Oui, il faut une mesure d’urgence. Mais ce serait une faute politique de s’arrêter là. Chaque flambée rappelle que notre dépendance au pétrole est une vulnérabilité stratégique autant qu’un non-sens climatique.

Accélérer la transition, ce n’est pas un slogan. C’est investir massivement dans le train, les transports en commun, le fret ferroviaire, la réorganisation des mobilités du quotidien. C’est aussi réduire la place des véhicules lourds et surmotorisés, et cesser de confondre « solution » et « remplacement » car la voiture électrique peut réduire des émissions à l’usage, mais elle ouvre d’autres fronts (matières premières, batteries, sobriété). La priorité reste la même : moins de pétrole, moins de kilomètres contraints, plus d’alternatives.
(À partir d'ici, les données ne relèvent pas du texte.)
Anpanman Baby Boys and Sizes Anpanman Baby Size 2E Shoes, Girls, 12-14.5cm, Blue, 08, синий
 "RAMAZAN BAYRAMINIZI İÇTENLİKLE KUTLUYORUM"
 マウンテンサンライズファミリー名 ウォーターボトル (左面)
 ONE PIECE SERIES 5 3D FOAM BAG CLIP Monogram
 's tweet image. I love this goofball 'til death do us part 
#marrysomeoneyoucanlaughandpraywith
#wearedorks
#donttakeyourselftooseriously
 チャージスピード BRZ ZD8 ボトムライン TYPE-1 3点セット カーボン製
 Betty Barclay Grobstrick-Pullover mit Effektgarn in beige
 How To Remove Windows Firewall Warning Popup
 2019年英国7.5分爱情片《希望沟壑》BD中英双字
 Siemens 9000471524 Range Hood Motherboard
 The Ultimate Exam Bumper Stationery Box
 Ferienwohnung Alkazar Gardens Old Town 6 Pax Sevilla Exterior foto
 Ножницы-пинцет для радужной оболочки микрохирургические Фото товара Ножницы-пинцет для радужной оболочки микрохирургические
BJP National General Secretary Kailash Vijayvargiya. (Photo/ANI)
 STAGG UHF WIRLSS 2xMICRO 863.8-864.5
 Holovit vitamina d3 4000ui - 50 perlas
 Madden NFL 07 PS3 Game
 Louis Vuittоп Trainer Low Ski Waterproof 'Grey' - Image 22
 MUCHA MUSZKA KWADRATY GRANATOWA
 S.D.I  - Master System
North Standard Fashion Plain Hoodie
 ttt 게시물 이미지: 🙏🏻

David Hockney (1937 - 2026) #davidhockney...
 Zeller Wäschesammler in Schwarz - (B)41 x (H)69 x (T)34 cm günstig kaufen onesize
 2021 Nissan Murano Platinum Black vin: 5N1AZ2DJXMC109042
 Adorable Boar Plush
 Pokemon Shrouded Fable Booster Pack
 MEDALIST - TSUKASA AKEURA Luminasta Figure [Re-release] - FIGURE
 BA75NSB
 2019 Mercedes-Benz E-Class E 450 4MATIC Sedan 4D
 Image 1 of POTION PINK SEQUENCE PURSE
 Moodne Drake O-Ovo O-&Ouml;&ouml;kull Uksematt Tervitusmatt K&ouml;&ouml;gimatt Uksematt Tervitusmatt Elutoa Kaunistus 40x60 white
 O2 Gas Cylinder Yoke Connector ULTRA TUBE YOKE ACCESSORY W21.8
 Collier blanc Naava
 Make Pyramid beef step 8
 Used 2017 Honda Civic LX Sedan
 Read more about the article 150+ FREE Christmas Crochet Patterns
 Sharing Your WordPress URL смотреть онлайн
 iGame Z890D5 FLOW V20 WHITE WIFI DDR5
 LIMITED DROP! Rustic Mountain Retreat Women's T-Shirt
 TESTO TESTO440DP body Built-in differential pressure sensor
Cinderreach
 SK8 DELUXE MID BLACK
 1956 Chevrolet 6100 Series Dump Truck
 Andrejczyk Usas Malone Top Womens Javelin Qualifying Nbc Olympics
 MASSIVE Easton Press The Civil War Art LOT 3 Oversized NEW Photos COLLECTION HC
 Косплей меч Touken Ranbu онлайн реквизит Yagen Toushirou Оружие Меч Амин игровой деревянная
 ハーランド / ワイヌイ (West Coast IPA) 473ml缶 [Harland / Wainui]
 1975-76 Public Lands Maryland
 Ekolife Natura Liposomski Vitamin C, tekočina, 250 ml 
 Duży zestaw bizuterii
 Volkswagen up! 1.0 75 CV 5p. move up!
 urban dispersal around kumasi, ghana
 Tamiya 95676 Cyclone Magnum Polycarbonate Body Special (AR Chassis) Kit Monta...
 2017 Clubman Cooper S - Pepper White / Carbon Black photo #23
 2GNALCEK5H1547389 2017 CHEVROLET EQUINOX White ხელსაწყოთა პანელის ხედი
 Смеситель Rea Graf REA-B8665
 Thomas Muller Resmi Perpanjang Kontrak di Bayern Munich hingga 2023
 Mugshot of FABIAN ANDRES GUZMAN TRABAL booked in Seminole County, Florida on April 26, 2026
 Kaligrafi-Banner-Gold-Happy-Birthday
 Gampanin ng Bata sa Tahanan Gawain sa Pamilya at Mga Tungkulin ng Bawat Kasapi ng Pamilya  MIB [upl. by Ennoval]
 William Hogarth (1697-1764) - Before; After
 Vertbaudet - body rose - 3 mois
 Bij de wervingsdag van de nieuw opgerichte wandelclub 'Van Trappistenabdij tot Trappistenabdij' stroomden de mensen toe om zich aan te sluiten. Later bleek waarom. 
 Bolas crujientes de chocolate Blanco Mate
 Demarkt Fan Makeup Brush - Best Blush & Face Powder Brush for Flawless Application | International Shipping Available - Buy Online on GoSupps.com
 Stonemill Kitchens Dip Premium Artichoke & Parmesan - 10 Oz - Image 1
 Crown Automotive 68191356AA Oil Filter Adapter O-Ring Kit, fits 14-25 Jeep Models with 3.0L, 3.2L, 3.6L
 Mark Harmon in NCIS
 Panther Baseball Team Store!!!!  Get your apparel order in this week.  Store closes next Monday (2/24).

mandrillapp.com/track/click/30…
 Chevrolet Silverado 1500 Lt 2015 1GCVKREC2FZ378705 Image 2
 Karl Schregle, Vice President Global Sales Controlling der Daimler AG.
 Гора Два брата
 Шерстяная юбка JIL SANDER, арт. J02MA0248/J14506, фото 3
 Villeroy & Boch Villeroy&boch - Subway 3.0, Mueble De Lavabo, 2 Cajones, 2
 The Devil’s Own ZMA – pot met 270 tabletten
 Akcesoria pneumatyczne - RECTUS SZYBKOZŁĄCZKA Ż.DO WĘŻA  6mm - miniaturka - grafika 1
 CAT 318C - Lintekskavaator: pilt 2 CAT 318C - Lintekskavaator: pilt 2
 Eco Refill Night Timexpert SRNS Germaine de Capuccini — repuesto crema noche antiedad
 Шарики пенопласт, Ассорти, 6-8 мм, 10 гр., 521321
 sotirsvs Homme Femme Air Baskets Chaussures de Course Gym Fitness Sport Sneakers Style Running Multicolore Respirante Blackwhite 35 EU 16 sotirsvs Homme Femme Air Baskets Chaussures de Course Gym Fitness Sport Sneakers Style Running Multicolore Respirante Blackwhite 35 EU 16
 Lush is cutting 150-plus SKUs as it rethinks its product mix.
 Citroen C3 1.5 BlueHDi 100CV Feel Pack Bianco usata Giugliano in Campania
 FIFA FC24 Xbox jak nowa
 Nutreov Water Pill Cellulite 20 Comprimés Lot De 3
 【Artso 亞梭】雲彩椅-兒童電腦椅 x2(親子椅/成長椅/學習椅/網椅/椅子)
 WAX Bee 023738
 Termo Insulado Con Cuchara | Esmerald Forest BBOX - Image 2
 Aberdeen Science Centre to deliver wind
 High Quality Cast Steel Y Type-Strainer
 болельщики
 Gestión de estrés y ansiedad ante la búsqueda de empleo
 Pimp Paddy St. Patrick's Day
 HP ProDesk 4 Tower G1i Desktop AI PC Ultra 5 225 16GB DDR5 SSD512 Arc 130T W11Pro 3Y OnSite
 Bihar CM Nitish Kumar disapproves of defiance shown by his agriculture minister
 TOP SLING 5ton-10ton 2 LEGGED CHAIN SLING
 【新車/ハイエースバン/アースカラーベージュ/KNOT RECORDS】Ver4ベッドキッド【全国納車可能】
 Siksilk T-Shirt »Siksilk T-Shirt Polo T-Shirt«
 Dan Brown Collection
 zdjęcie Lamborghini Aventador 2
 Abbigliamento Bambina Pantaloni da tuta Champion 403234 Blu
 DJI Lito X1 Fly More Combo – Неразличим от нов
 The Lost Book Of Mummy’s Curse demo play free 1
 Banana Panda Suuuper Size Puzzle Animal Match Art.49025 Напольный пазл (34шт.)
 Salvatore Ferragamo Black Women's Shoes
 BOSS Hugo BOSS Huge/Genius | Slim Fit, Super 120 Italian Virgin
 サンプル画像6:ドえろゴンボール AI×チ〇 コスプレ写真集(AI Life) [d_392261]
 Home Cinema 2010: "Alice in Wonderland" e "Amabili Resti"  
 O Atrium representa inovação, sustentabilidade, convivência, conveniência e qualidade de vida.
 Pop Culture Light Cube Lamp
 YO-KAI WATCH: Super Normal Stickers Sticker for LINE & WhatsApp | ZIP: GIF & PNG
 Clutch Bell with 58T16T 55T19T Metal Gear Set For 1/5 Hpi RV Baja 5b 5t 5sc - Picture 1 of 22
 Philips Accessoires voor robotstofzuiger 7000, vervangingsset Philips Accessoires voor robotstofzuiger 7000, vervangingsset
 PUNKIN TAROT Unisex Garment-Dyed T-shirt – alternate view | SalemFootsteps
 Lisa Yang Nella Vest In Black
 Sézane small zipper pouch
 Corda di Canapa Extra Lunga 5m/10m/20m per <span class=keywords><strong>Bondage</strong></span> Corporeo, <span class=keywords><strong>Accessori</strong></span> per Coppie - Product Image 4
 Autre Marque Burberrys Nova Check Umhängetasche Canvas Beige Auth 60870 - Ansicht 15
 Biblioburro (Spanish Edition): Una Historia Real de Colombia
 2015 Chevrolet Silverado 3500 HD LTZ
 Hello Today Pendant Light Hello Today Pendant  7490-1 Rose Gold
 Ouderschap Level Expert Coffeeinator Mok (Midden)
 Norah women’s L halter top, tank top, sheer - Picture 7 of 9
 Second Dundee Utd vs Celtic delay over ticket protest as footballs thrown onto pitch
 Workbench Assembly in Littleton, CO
Aujourd’hui, le gouvernement a le choix entre deux doctrines. La première consiste à regarder la pompe grimper et à expliquer que c’est « la guerre » et « le marché ». La seconde consiste à dire qu’en temps de crise, la puissance publique protège, tranche, encadre et prépare l’après. Si l’exécutif veut prouver qu’il gouverne, c’est maintenant. Le blocage temporaire des prix à la pompe est l’acte le plus immédiat, le plus lisible et le plus juste.

Notes
1 – Reuters, « Oil leaps 3% on supply concerns as Iran conflict widens ».
2 – Ministère de la Transition écologique (DGEC), « Cours, prix et marges des produits pétroliers en France et dans l’Union Européenne »
3 – Banque de France, « Quelle transmission des prix du pétrole aux prix des carburants ? » .
4 – Vie-publique, « Que sont les droits d’accises sur les énergies et la TICPE ? ».
5 – Légifrance, « Code de commerce – Article L410-2 ».
6 – Ministère de la Transition écologique, « La chaîne pétrolière »  et SAGESS, «Obligations et garanties de stockage stratégique ».
7 – TotalEnergies, « Résultats du quatrième trimestre 2025 et de l’année 2025 ».